Task prompt | Your answer is the line containing "DACIA Jogger TCe" plus every line after it to the end of the data below, transcribed exactly and with nothing else.

Stored data:
────────────────

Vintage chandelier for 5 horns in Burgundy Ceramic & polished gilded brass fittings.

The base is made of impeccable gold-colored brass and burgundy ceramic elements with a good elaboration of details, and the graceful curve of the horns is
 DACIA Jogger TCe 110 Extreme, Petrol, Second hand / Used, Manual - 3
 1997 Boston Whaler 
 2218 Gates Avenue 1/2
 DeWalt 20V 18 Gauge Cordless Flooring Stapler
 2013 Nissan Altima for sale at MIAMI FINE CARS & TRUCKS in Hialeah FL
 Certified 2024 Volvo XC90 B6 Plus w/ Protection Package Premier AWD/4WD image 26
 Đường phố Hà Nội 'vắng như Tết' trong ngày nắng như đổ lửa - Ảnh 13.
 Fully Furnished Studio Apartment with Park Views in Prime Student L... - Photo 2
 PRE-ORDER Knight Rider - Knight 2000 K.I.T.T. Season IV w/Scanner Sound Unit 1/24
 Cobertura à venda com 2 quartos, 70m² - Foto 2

────────────────

Task response |
 DACIA Jogger TCe 110 Extreme, Petrol, Second hand / Used, Manual - 3
 1997 Boston Whaler 
 2218 Gates Avenue 1/2
 DeWalt 20V 18 Gauge Cordless Flooring Stapler
 2013 Nissan Altima for sale at MIAMI FINE CARS & TRUCKS in Hialeah FL
 Certified 2024 Volvo XC90 B6 Plus w/ Protection Package Premier AWD/4WD image 26
 Đường phố Hà Nội 'vắng như Tết' trong ngày nắng như đổ lửa - Ảnh 13.
 Fully Furnished Studio Apartment with Park Views in Prime Student L... - Photo 2
 PRE-ORDER Knight Rider - Knight 2000 K.I.T.T. Season IV w/Scanner Sound Unit 1/24
 Cobertura à venda com 2 quartos, 70m² - Foto 2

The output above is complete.